The terror is worth the pain though, for whoever triumphs over the seven part series will walk away with a cool £25,000 prize.

Ashley said: “You're up there playing for life changing money, and especially coming out of lockdown in the year. I think about some of my friends who are performers. Think about the difference 25 grand would make to their lives.

“This is a game. But also it's life changing money.”

  • The Void continues on Saturday, on ITV.


Daunting

By Ellie Henman

I’VE faced down Jeremy Clarkson on Who Wants To Be A Millionaire?, been fat shamed by Ben Shepherd on Ninja Warrior and was left needing hospital treatment on Andrew Flintoff’s Cannonball.

But nothing made my blood run as cold as standing over The Void.

ITV bosses, despite my dreadful track record on their programmes, kindly invited me to Liverpool to tackle their new juggernaut game show and it is every bit of daunting in real life as it is on screen.

Standing between me and victory was one of the show’s production team, a giant wrecking ball covered in silicone, and 500 tonnes of water.

Simple.

In my round, aptly named Wrecking Ball, the aim of the game is to knock your opponent off a narrow suspended beam – which starts to move if you take too long to win – and into the water below.

As the giant pendulum swings towards me, the task in hand suddenly dawns on me. I can get no purchase on the ball, because it’s beyond

slippery, and the slightest tap starts my knees knocking.

My opponent, who unhelpfully for me designed the game, clearly has the know-how.

She flings the ball effortlessly towards me, then shuffles along the beam sideways like a crab.

As I stand in awe, the ball swings back towards me and before I can even try to grab it I’m in the drink with safety divers swimming in my direction.

Thankfully for my pride, the producers allow me a second go, and now knowing how slippery the ball is and the way it swings, I fare much better.

After thirty seconds or so of more crab-like behaviour, I finally get enough on it to dislodge my opponent from her beam and into the water.

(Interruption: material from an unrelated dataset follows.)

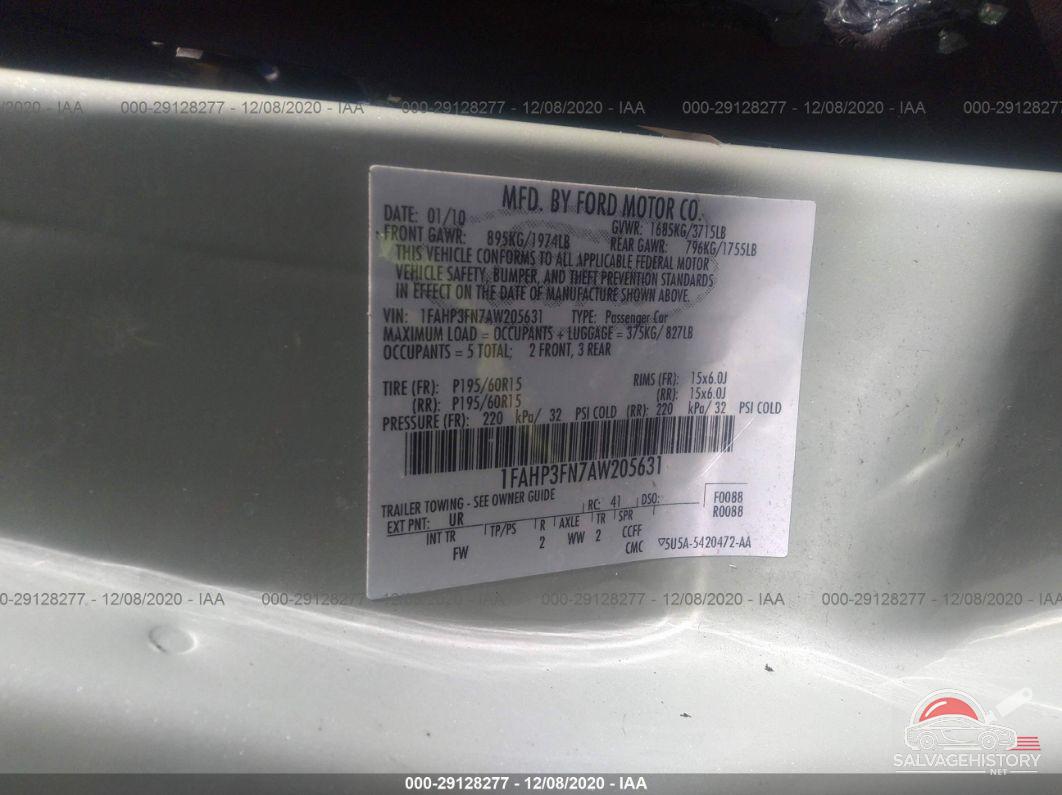 1FAHP3FN7AW205631 2010 FORD FOCUS photo no. 9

A small victory, potentially rigged by ITV bosses so I don’t slag off their new format, but I like what I’ve seen.

The show is a mix between the ingenuity of The Cube and the downright silliness of Total Wipeout.

It’s also much more accessible than the likes of Ninja Warrior, which requires almost god-like strength and physical ability to complete – as I found out – whereas The Void requires a bit more guile.

Will it pull in the ratings that something like Britain’s Got Talent might get in ITV’s summer schedule? No.

Does it probably lose something from not having an audience? Yes, arguably so.

But will it put a smile on your face seeing people dunked face-first into suspiciously warm water from a great height? Very much so.